Images are to be left out; everything else in the listing should be repeated exactly.

━━━ AVAILABLE RECORDS ━━━

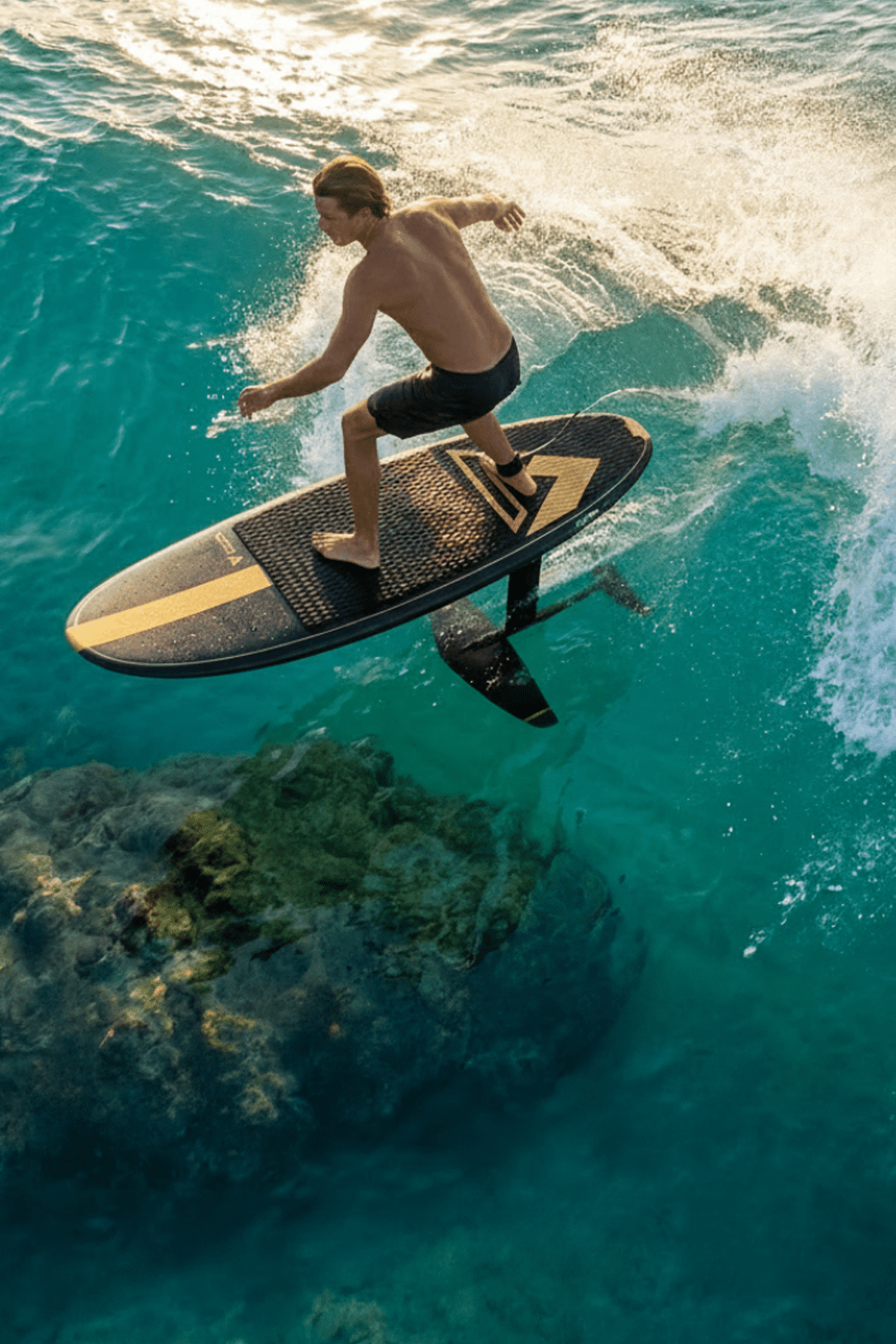 Guy surf foiling over a reef in Bali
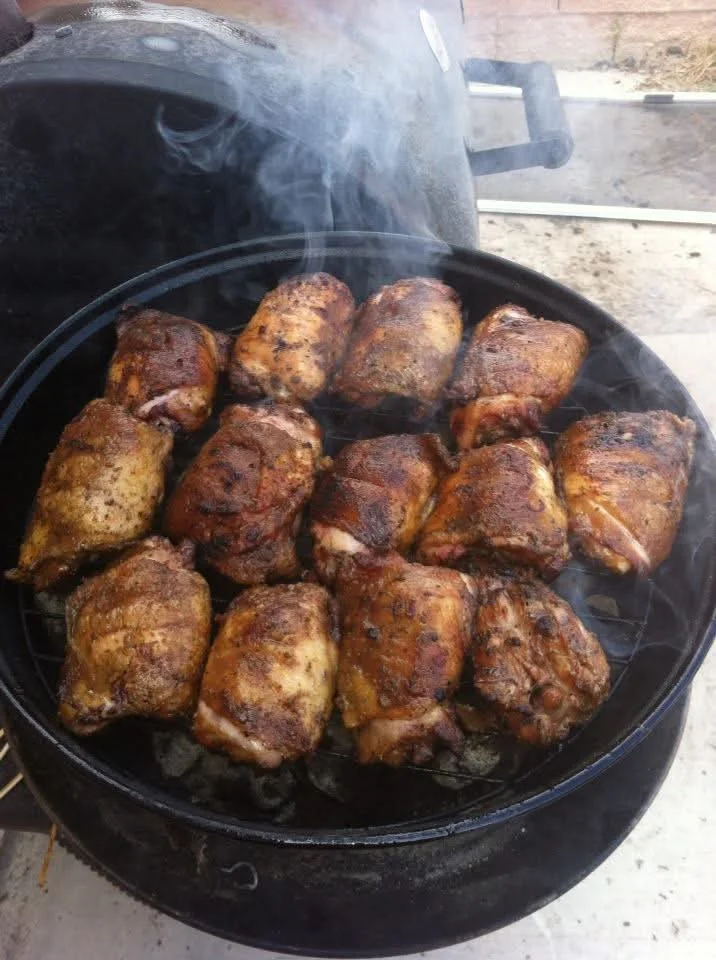 A grill filled with multiple pieces of chicken, emitting smoke as they cook.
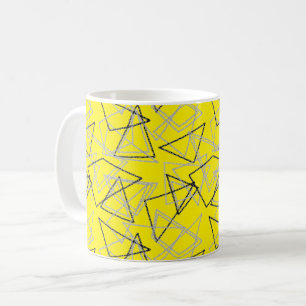 Geometric shapes in chalk on yellow coffee mug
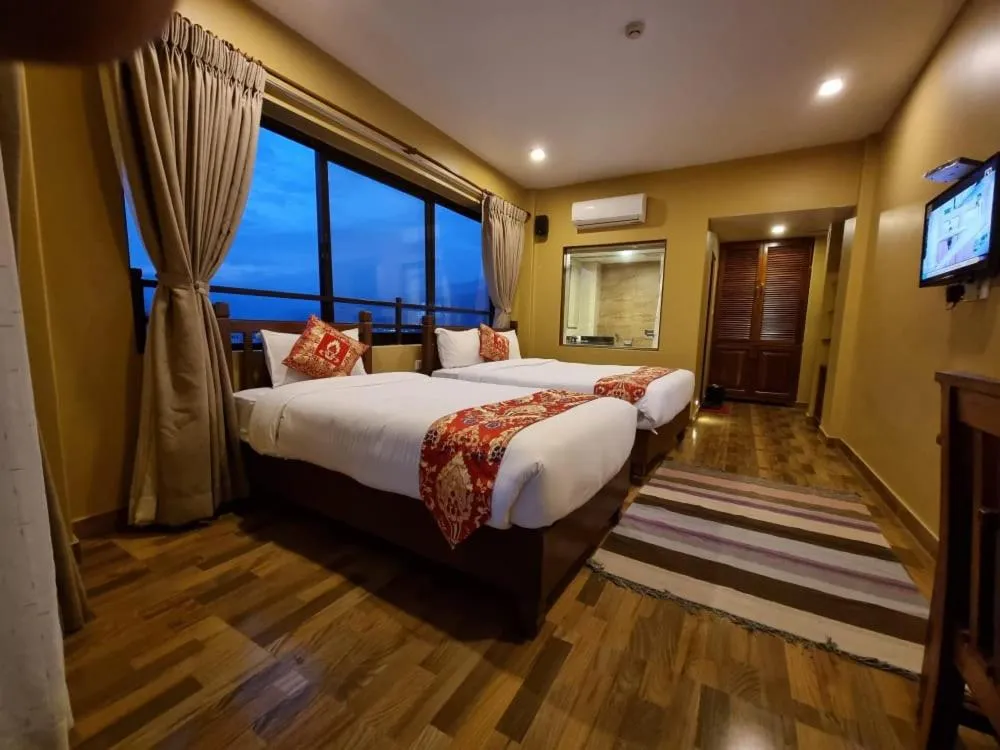 Bed in Hotel Mala Pokhara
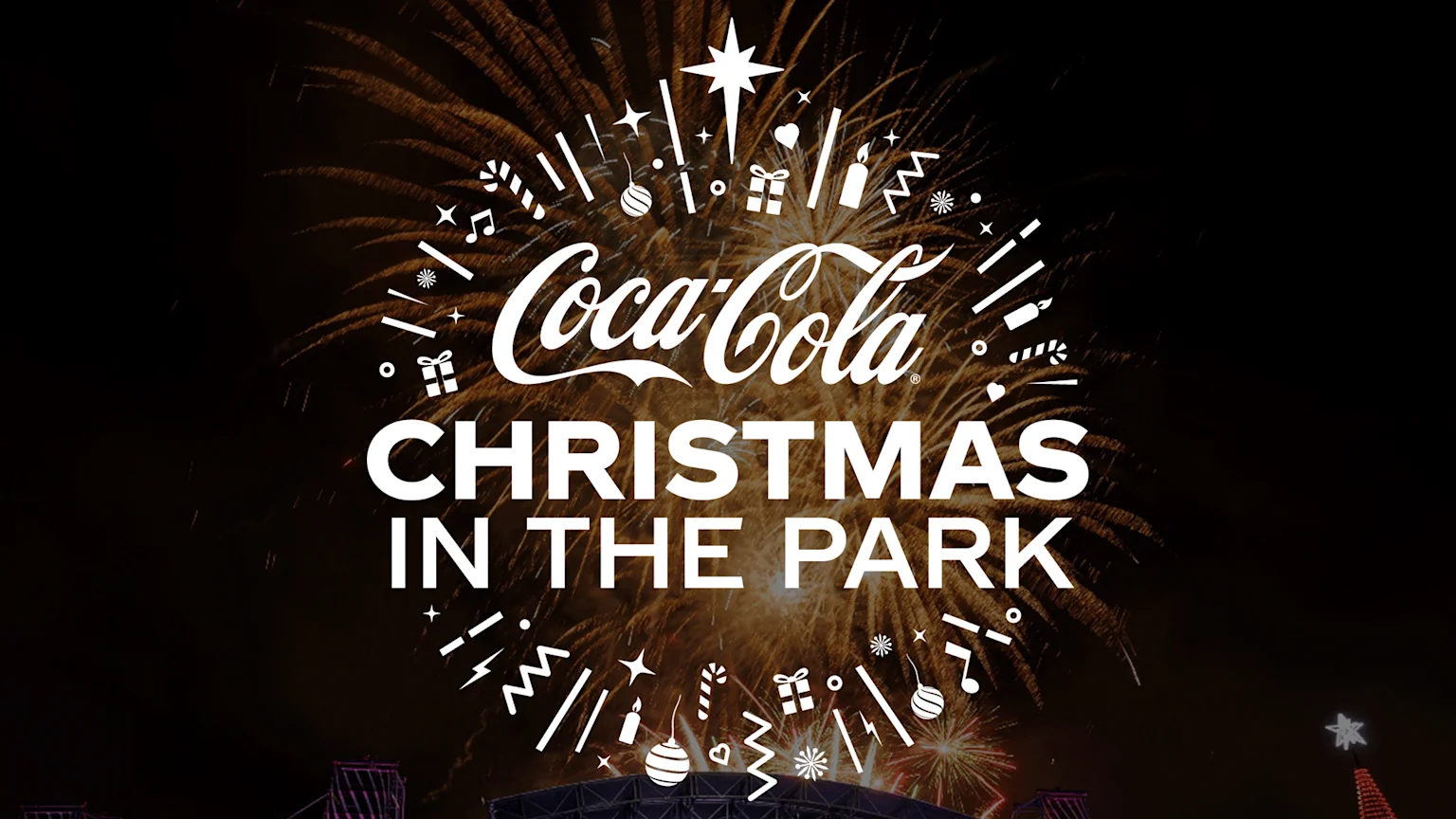White "Coca-Cola Christmas in the Park" text, surrounded by festive icons, is set against a backdrop of golden fireworks.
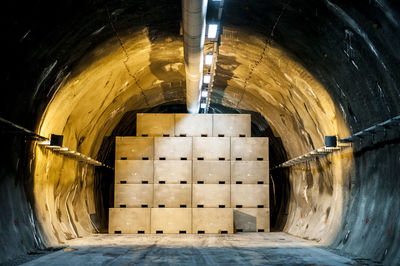 Stack of crates in illuminated tunnel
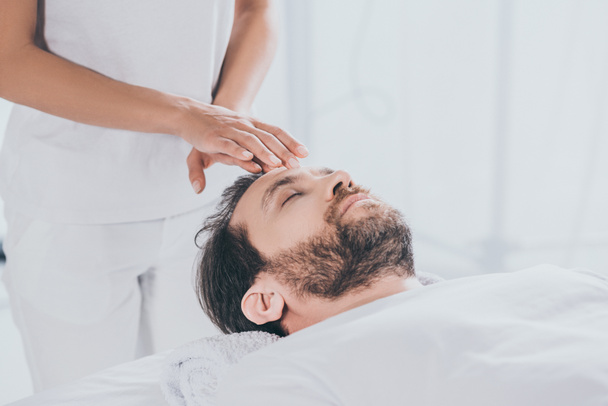 calm bearded man with closed eyes receiving reiki healing therapy on head - Foto, imagen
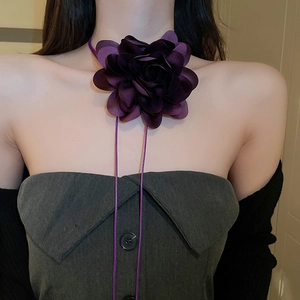 Detail of dark purple fabric flower choker necklace with long ribbon on female model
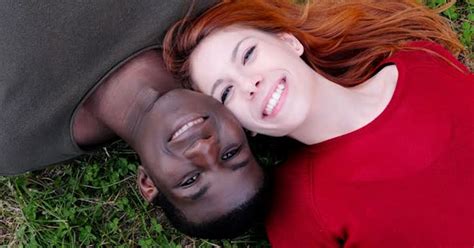 Smiling Interracial Young Couple Lying On Lawnhappy Mixed Race Couple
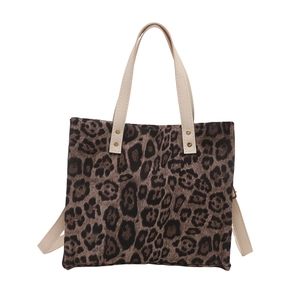 Retro leopard print tote bag with cream handles and adjustable shoulder strap on white base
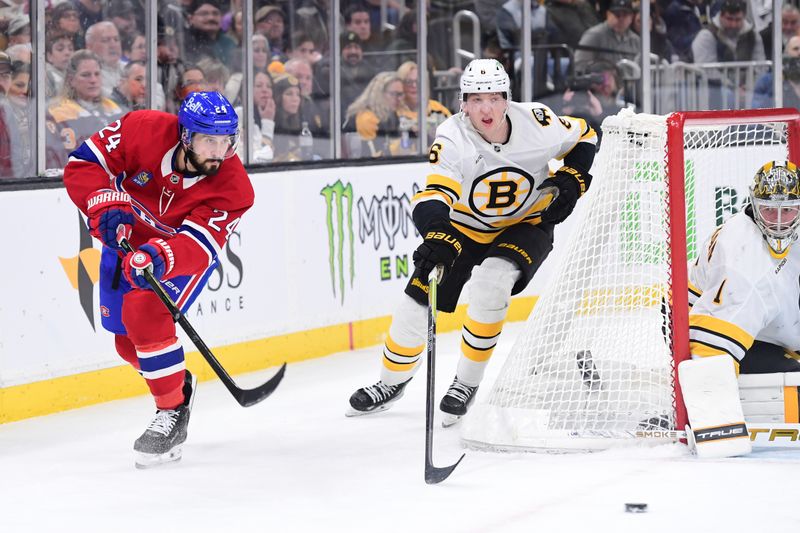 Jan 24, 2026; Boston, Massachusetts, USA; Montreal Canadiens center Phillip Danault (24) passes the puck ahead of Boston Bruins defenseman Mason Lohrei (6) during the second period at TD Garden. Mandatory Credit: Bob DeChiara-Imagn Images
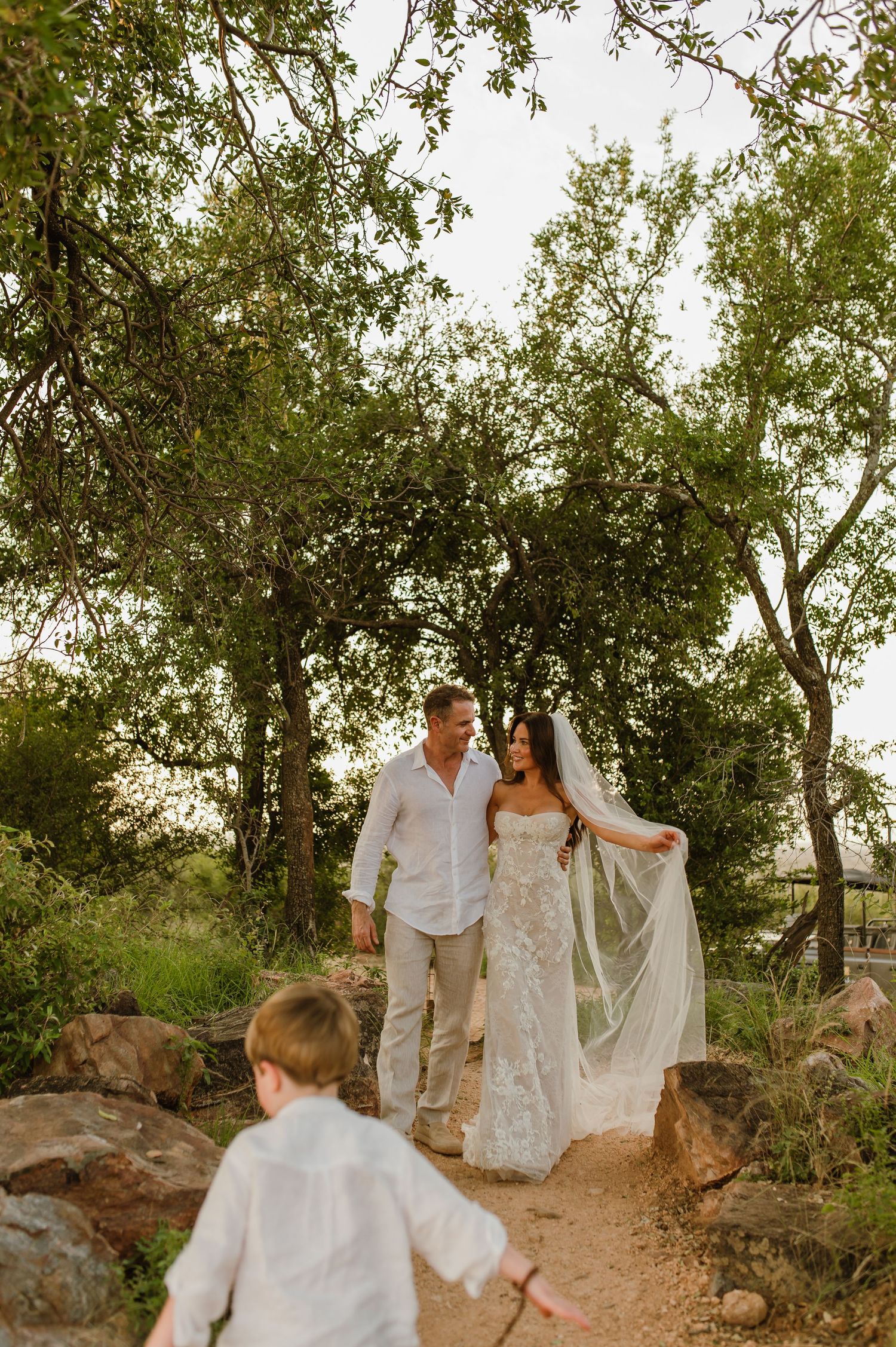 Bride in lace gown and groom walk wooded rocky path as young boy runs ahead during outdoor bush wedding.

━━━

ANSWER SECTION:
 Guy surf foiling over a reef in Bali
 A grill filled with multiple pieces of chicken, emitting smoke as they cook.
 Geometric shapes in chalk on yellow coffee mug
 Bed in Hotel Mala Pokhara
White "Coca-Cola Christmas in the Park" text, surrounded by festive icons, is set against a backdrop of golden fireworks.
 Stack of crates in illuminated tunnel
 calm bearded man with closed eyes receiving reiki healing therapy on head - Foto, imagen
 Detail of dark purple fabric flower choker necklace with long ribbon on female model
 Smiling Interracial Young Couple Lying On Lawnhappy Mixed Race Couple
 Retro leopard print tote bag with cream handles and adjustable shoulder strap on white base
 Jan 24, 2026; Boston, Massachusetts, USA; Montreal Canadiens center Phillip Danault (24) passes the puck ahead of Boston Bruins defenseman Mason Lohrei (6) during the second period at TD Garden. Mandatory Credit: Bob DeChiara-Imagn Images
 Bride in lace gown and groom walk wooded rocky path as young boy runs ahead during outdoor bush wedding.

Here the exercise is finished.